§ YOUR OBJECTIVE: Which lines belong in the answer? Exactly those from the line containing "2919 Avenue K, Galveston, TX 77550 - Photo 1" through the last line of the records below, repeated as written.

§ RECORDS FOR PROCESSING:
-- Opening Marker --

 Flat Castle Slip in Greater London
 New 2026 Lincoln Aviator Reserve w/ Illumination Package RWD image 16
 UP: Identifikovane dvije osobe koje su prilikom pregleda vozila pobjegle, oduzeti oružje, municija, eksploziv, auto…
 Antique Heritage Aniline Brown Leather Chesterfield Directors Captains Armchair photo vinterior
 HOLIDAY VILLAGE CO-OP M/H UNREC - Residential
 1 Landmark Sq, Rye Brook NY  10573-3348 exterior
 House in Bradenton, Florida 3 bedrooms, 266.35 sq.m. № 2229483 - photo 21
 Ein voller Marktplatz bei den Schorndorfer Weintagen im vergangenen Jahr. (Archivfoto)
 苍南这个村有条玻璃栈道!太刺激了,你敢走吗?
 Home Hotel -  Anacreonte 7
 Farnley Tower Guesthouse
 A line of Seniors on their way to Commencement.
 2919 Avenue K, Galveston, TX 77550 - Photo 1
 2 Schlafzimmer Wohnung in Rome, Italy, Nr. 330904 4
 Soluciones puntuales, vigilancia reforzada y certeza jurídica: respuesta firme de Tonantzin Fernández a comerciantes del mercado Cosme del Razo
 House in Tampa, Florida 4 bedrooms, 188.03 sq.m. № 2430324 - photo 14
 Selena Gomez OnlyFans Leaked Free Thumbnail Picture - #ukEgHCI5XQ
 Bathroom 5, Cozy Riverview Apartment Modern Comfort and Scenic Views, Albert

-- Closing Marker --

§ ANSWER:
 2919 Avenue K, Galveston, TX 77550 - Photo 1
 2 Schlafzimmer Wohnung in Rome, Italy, Nr. 330904 4
 Soluciones puntuales, vigilancia reforzada y certeza jurídica: respuesta firme de Tonantzin Fernández a comerciantes del mercado Cosme del Razo
 House in Tampa, Florida 4 bedrooms, 188.03 sq.m. № 2430324 - photo 14
 Selena Gomez OnlyFans Leaked Free Thumbnail Picture - #ukEgHCI5XQ
 Bathroom 5, Cozy Riverview Apartment Modern Comfort and Scenic Views, Albert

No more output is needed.